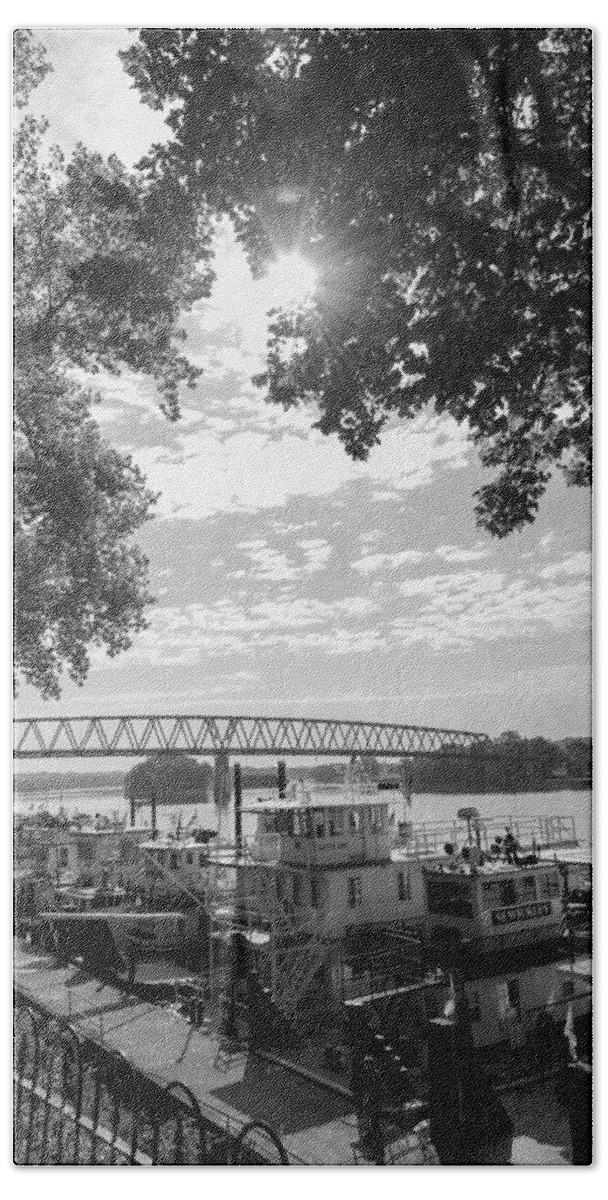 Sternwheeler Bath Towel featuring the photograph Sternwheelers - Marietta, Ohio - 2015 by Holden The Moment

...

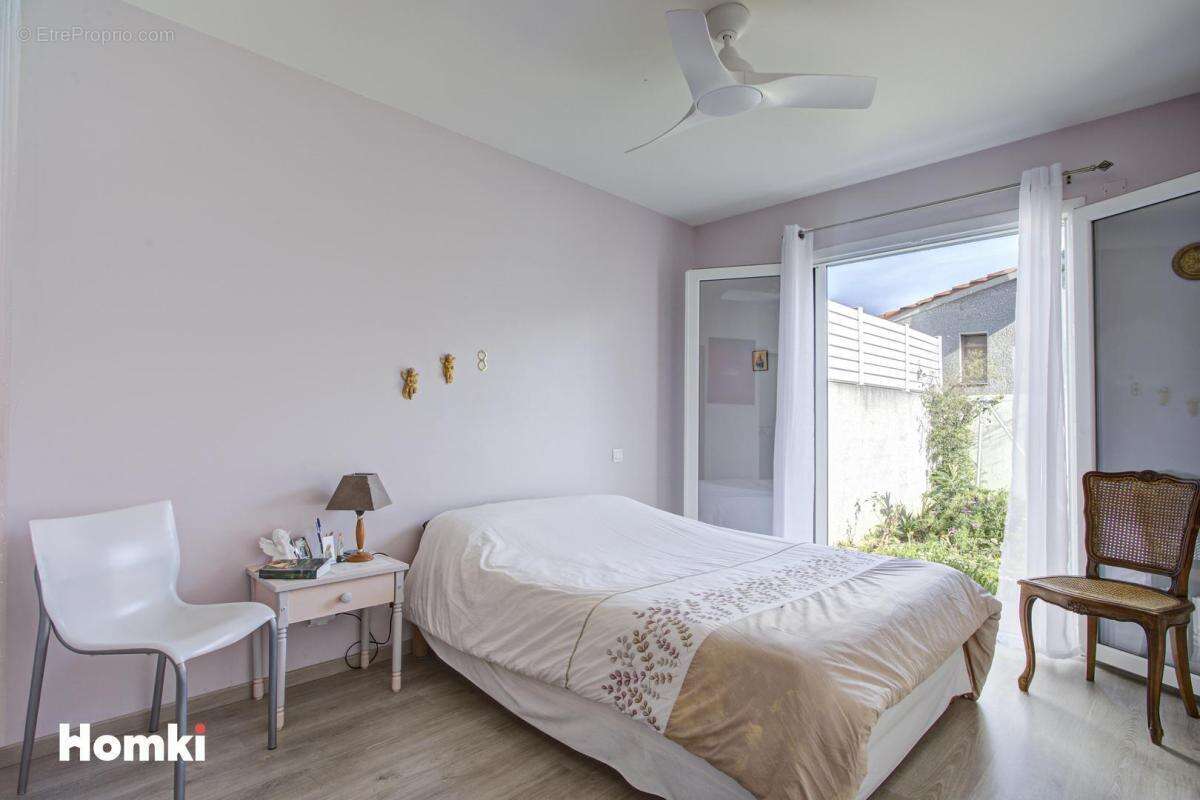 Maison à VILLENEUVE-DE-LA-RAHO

* * *

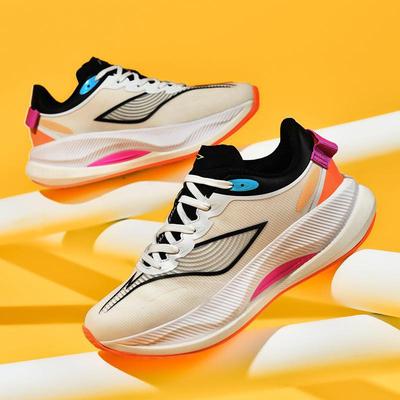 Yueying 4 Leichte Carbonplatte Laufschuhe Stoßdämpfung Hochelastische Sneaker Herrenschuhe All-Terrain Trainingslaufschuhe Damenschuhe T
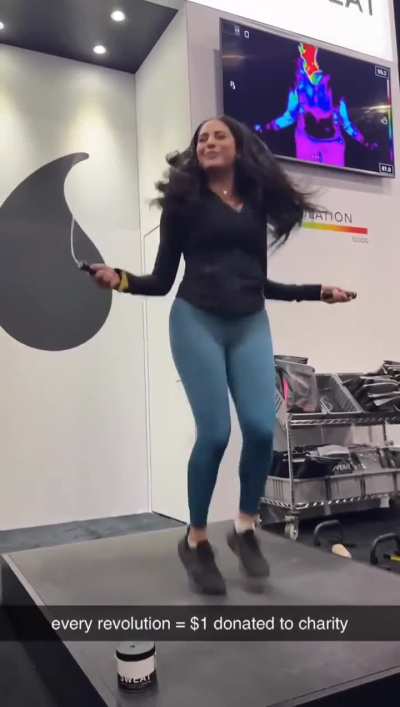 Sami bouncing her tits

Work instructions:
Reproduce the data above exactly, but only from the line containing "Yueying 4 Leichte" through the line containing "Sami bouncing her tits". Omit all pictures.

Written answer:
 Yueying 4 Leichte Carbonplatte Laufschuhe Stoßdämpfung Hochelastische Sneaker Herrenschuhe All-Terrain Trainingslaufschuhe Damenschuhe T
 Sami bouncing her tits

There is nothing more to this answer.